Dr. Jean-Philippe Collet and his co-investigators from the ACTION Study Group concluded that sex, renal failure, and atrial fibrillation were the most potent predictors of mortality after successful TAVR. Anticoagulation was strongly linked to atrial fibrillation and other comorbidities but remained a correlate of mortality. However, post-TAVR anticoagulation decreased the risk of BVD as opposed to antiplatelet treatment. Addressing the major challenges to be solved, they believed that ongoing randomized trials are awaited to clarify the clinical benefit of long-term anticoagulation after successful TAVR. The bleeding risk of this population was high, the need for antiplatelet therapy due to concomitant coronary artery disease was frequent, and the determinants of valve thrombosis were partly known.
“Until more evidence from these and other randomized controlled trials are available, anticoagulation post-TAVR should be guided by patient-specific factors, which focus on balancing ischemic and bleeding risks of therapy. Although the search for a perfect valvular substitute continues, it is imperative that technological advances are met with a rigorous clinical trial evaluation to ensure their safe and effective translation into clinical practice.”- Dr. David Mazer, M.D.
Commenting on the findings, Dr.
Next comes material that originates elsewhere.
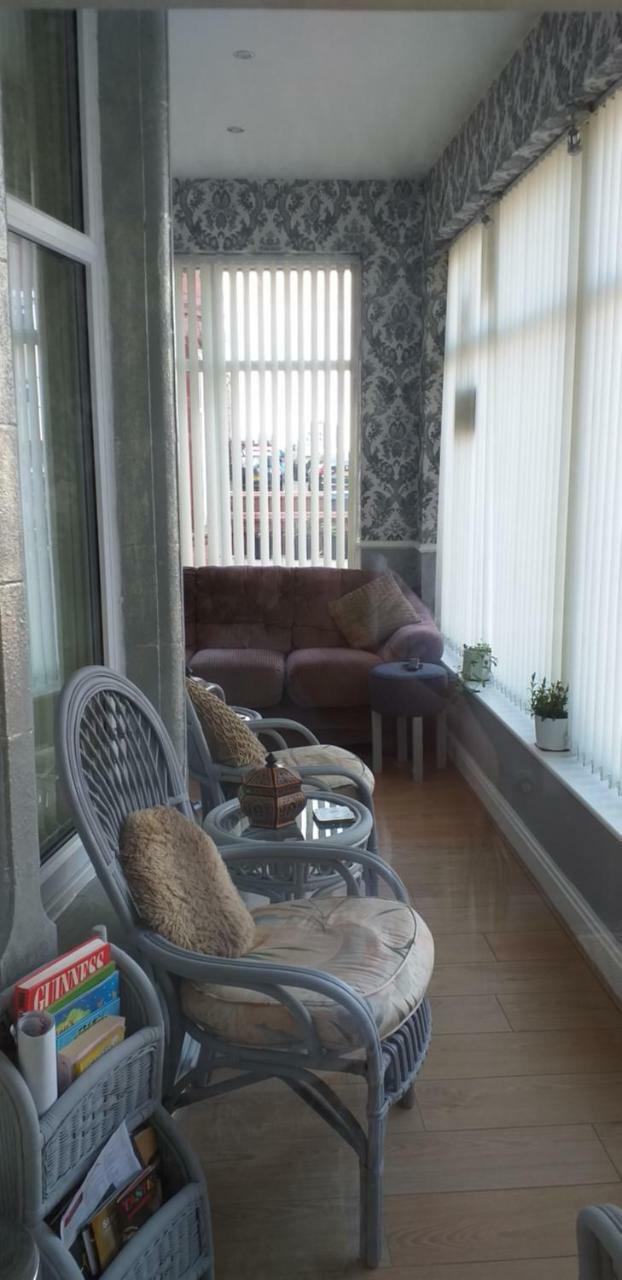 Surrey House Guest house Blackpool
Deepak Bhatt, executive director of Interventional Cardiovascular Programs at Brigham and Women’s Hospital wrote, “This report by Overtchouk et al. is important because it provides high-quality observational data from one of the largest TAVR registries, and it sheds new light on the potential role of oral anticoagulants in the prevention of BVD. Furthermore, it provides support for the notion that valvular thrombosis is a cause of BVD, although long-term risks and benefits of anticoagulation will need to be evaluated formally in larger trials. Although insufficient on its own to change clinical practice, this study sets the stage for the anticipated results of several randomized controlled trials that will determine the optimal antithrombotic regimen in TAVR patients.” Pondering the clinical implications of the study, Dr. David Mazer noted, “Until more evidence from these and other randomized controlled trials are available, anticoagulation post-TAVR should be guided by patient-specific factors, which focus on balancing ischemic and bleeding risks of therapy. Although the search for a perfect valvular substitute continues, it is imperative that technological advances are met with a rigorous clinical trial evaluation to ensure their safe and effective translation into clinical practice.”